→ EXCERPTED RECORDS:
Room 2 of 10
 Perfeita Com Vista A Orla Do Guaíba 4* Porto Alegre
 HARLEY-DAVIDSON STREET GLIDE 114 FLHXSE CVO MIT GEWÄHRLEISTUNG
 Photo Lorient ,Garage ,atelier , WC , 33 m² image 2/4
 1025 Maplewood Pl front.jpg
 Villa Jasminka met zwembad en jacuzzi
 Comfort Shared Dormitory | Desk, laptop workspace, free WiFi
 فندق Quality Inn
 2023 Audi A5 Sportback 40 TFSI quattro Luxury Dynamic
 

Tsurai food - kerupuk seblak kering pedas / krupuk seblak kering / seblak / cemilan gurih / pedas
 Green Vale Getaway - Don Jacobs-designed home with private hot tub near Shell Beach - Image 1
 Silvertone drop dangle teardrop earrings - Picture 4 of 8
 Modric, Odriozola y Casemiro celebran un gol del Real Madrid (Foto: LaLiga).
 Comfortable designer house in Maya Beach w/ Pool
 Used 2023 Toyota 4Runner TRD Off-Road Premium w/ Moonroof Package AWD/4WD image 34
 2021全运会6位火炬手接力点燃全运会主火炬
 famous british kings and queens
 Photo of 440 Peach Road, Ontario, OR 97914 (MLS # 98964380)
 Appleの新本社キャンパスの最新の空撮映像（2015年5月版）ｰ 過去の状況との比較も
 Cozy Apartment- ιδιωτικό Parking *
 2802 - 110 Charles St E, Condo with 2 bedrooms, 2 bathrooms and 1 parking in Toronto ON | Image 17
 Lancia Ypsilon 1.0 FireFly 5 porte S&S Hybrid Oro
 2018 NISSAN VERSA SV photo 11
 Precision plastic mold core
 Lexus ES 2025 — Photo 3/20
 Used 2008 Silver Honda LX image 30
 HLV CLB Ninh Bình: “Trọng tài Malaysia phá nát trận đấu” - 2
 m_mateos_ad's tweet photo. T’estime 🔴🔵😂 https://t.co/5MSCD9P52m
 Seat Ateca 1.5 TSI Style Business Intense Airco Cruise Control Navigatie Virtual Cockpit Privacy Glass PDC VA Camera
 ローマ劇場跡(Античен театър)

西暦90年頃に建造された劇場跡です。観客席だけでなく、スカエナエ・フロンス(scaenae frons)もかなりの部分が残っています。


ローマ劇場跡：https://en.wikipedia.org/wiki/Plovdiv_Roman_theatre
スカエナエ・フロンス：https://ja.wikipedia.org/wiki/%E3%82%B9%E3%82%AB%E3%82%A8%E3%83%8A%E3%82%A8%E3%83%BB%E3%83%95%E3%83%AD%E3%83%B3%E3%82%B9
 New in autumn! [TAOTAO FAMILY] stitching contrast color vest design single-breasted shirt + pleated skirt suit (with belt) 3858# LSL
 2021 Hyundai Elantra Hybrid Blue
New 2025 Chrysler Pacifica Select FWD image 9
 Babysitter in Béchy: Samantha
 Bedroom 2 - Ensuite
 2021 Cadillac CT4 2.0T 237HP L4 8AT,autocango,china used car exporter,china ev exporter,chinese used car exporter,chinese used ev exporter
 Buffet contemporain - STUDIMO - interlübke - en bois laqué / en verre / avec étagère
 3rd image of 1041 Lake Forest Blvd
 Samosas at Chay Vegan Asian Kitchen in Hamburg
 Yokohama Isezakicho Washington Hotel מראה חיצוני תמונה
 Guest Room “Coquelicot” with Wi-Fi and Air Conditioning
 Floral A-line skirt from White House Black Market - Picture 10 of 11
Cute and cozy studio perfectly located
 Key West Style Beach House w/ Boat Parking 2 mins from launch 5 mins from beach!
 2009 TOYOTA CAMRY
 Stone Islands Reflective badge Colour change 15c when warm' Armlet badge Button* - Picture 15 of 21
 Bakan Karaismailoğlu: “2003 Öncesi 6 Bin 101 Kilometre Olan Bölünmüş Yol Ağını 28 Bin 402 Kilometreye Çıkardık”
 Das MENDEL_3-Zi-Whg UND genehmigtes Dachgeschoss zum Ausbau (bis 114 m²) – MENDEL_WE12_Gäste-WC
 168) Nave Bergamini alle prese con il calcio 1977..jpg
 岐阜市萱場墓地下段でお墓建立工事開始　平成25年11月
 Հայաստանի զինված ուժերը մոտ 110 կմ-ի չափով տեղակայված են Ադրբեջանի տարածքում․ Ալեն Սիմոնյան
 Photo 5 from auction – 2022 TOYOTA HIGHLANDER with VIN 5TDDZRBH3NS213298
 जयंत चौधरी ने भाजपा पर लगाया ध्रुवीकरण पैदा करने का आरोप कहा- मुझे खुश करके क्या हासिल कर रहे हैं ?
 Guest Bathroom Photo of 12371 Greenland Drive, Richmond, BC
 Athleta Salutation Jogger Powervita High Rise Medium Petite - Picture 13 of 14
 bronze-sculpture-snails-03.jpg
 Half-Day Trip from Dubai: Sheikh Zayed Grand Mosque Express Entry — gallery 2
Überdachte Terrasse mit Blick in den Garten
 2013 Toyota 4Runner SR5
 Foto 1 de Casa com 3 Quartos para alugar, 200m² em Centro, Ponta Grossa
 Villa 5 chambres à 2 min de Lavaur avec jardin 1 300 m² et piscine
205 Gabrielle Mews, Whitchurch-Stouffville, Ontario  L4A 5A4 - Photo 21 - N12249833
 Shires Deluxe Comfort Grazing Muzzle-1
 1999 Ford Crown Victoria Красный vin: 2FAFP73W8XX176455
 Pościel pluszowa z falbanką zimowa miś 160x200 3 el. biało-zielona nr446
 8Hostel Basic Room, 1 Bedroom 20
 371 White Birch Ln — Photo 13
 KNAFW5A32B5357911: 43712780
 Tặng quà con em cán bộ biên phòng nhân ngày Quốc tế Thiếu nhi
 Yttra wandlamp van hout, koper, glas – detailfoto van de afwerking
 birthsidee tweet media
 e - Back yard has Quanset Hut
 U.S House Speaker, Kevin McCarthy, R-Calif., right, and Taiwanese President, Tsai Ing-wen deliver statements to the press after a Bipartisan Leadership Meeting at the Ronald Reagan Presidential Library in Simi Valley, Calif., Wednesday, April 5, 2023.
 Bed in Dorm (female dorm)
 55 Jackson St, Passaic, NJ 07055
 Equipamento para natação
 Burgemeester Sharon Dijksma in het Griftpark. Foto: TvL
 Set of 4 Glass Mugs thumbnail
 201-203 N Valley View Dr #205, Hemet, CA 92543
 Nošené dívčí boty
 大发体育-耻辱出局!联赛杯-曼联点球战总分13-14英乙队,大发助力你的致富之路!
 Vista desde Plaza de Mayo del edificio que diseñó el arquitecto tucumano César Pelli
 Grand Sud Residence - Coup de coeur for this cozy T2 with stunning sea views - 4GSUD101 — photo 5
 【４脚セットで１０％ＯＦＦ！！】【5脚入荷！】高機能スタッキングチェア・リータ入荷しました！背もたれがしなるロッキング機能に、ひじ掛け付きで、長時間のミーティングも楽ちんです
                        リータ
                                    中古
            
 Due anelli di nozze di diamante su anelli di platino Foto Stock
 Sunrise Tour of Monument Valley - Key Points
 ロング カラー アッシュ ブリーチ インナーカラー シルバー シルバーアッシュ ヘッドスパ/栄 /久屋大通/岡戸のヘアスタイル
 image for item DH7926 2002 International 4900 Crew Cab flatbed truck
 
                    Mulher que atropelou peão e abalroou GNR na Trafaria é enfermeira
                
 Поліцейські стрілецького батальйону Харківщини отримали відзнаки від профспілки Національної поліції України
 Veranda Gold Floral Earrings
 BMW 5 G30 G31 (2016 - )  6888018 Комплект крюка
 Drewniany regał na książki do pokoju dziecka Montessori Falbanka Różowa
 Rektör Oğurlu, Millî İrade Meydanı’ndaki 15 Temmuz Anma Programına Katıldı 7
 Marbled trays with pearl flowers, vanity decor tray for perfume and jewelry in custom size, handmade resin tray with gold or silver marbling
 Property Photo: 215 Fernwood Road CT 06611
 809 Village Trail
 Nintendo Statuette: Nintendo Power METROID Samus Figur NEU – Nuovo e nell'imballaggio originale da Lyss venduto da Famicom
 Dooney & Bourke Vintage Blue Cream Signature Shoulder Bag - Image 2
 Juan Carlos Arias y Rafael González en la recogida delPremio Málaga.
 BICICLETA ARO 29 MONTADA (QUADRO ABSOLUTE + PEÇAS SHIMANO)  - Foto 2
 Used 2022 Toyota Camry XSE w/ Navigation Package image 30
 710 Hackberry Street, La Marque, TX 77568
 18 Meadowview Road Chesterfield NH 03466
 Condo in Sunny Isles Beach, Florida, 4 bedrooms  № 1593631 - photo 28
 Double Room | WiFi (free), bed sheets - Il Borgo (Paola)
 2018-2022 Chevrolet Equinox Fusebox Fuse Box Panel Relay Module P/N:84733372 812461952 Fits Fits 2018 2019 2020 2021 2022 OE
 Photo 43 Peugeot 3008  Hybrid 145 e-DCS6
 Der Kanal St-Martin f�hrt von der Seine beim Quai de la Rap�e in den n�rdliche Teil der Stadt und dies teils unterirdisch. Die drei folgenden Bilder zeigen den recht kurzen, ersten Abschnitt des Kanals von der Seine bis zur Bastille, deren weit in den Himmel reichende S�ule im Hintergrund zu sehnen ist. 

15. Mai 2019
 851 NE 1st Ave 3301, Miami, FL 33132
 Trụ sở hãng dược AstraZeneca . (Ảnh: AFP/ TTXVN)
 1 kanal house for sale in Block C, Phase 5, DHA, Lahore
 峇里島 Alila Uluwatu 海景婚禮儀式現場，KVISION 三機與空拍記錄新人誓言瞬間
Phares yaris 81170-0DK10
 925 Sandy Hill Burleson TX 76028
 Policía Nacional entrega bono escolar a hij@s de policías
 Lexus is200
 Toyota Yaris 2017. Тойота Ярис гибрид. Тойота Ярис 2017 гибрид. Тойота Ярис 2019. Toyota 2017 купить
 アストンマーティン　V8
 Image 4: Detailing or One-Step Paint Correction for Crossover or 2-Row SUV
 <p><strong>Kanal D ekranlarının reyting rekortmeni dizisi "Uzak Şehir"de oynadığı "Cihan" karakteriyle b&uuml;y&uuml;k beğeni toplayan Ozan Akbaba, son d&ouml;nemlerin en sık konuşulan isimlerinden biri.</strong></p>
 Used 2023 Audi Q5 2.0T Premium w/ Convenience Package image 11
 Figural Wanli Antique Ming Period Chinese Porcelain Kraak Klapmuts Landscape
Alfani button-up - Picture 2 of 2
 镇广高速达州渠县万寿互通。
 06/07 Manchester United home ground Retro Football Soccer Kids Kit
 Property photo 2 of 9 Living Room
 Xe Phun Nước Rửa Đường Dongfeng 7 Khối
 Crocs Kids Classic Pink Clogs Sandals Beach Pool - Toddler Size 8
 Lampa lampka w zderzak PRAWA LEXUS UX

→ EXERCISE: From the records above, report the number of lines that hold the string "https" and add nothing.

→ EXPECTED ANSWER: 3